**What the task asks**
Please output the section of the listing below that opens with the line containing "Platinum 2.75 Carat" and closes with the line containing "Oveliness Unisex Full", exactly and with nothing else.

[[ Available data, beginning ]]

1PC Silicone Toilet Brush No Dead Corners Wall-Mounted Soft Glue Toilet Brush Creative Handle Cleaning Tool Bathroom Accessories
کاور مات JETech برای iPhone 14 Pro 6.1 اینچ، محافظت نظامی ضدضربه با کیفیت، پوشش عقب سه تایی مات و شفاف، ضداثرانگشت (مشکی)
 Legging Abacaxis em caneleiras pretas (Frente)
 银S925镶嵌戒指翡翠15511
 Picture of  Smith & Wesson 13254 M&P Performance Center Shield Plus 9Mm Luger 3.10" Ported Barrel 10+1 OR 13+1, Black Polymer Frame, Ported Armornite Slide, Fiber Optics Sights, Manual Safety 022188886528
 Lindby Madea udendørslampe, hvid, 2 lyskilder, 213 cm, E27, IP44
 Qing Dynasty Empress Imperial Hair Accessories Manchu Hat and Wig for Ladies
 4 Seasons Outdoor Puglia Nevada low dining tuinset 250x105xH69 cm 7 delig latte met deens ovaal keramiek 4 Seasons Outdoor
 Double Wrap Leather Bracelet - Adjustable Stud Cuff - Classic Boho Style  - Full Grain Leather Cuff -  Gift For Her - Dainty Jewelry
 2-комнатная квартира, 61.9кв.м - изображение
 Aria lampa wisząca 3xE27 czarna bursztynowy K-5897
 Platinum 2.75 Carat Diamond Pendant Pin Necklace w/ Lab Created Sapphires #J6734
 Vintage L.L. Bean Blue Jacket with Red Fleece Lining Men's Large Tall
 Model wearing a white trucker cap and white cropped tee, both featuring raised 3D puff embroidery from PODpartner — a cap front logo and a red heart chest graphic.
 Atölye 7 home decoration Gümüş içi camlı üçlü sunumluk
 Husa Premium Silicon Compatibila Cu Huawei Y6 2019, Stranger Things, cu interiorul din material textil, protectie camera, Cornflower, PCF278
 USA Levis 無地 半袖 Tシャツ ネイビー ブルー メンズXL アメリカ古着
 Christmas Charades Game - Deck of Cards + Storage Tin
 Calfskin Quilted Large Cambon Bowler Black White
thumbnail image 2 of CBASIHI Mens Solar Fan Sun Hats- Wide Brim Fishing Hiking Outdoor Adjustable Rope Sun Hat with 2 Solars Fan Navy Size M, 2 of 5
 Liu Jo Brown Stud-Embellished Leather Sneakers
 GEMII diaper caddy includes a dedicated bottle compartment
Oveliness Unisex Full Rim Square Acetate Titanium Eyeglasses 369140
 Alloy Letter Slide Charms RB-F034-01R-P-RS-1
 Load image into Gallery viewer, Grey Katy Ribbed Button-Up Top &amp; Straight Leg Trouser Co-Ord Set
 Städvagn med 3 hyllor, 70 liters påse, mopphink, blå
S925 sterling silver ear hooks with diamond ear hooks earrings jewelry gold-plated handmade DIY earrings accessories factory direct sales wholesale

[[ Available data, end ]]

**Exercise answer**
 Platinum 2.75 Carat Diamond Pendant Pin Necklace w/ Lab Created Sapphires #J6734
 Vintage L.L. Bean Blue Jacket with Red Fleece Lining Men's Large Tall
 Model wearing a white trucker cap and white cropped tee, both featuring raised 3D puff embroidery from PODpartner — a cap front logo and a red heart chest graphic.
 Atölye 7 home decoration Gümüş içi camlı üçlü sunumluk
 Husa Premium Silicon Compatibila Cu Huawei Y6 2019, Stranger Things, cu interiorul din material textil, protectie camera, Cornflower, PCF278
 USA Levis 無地 半袖 Tシャツ ネイビー ブルー メンズXL アメリカ古着
 Christmas Charades Game - Deck of Cards + Storage Tin
 Calfskin Quilted Large Cambon Bowler Black White
thumbnail image 2 of CBASIHI Mens Solar Fan Sun Hats- Wide Brim Fishing Hiking Outdoor Adjustable Rope Sun Hat with 2 Solars Fan Navy Size M, 2 of 5
 Liu Jo Brown Stud-Embellished Leather Sneakers
 GEMII diaper caddy includes a dedicated bottle compartment
Oveliness Unisex Full Rim Square Acetate Titanium Eyeglasses 369140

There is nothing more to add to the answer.